<<<<

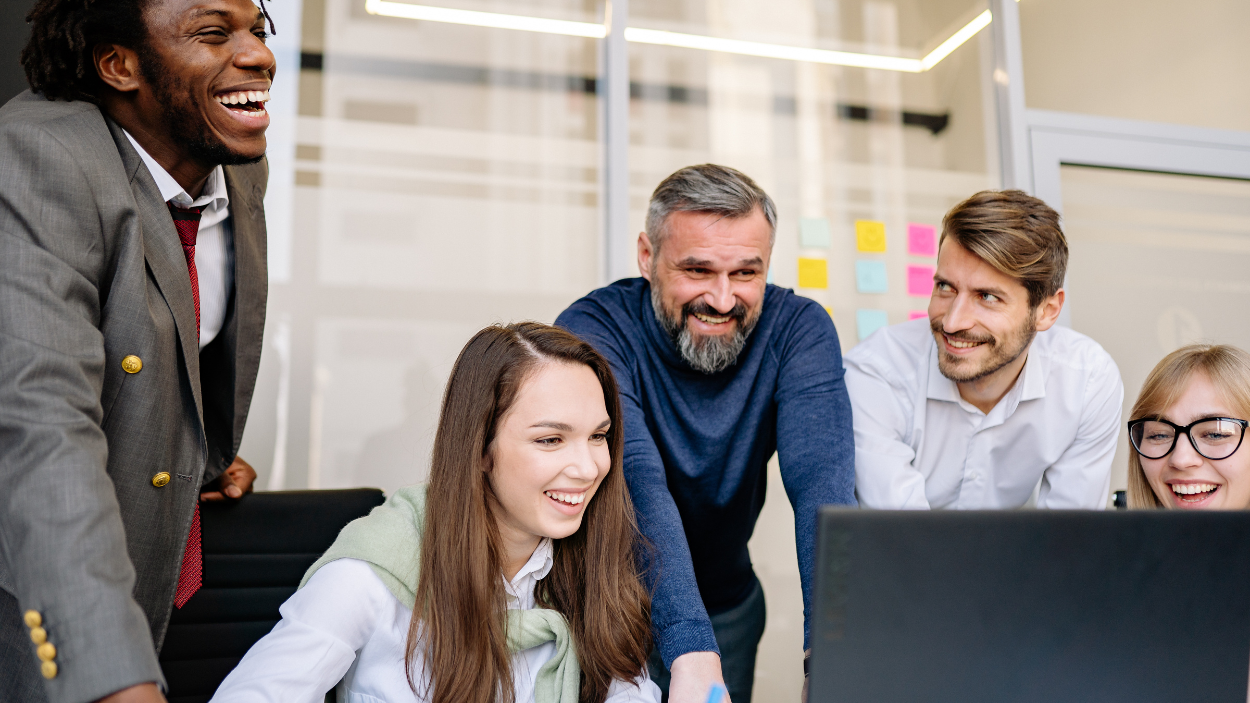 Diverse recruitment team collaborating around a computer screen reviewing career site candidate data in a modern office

>>>>
<<<<

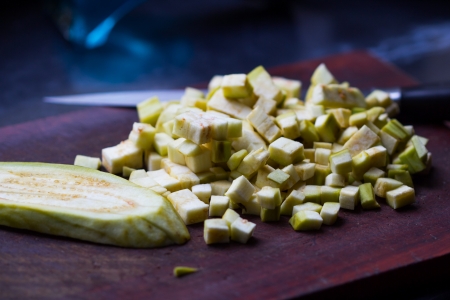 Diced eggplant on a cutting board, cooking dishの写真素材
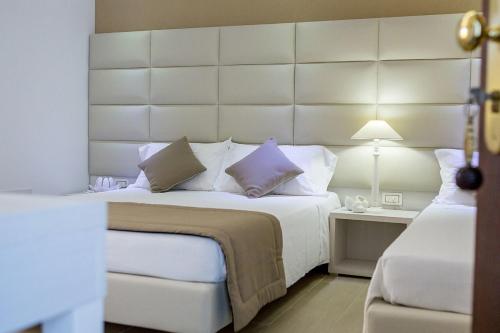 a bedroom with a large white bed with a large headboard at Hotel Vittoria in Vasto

>>>>
<<<<

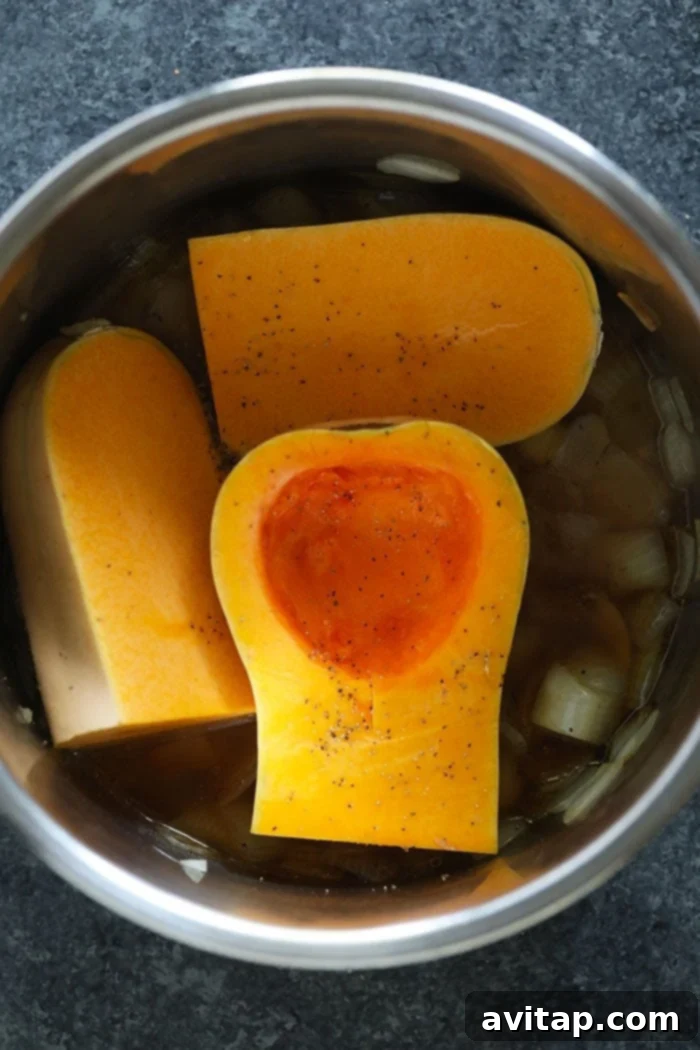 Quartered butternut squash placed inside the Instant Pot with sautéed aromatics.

>>>>

◆ What the task asks: Your reply should hold nothing but the lines above, from the one containing "Diced eggplant on" to the one containing "a bedroom with", reproduced exactly minus the pictures.

◆ Worked solution:
 Diced eggplant on a cutting board, cooking dishの写真素材
 a bedroom with a large white bed with a large headboard at Hotel Vittoria in Vasto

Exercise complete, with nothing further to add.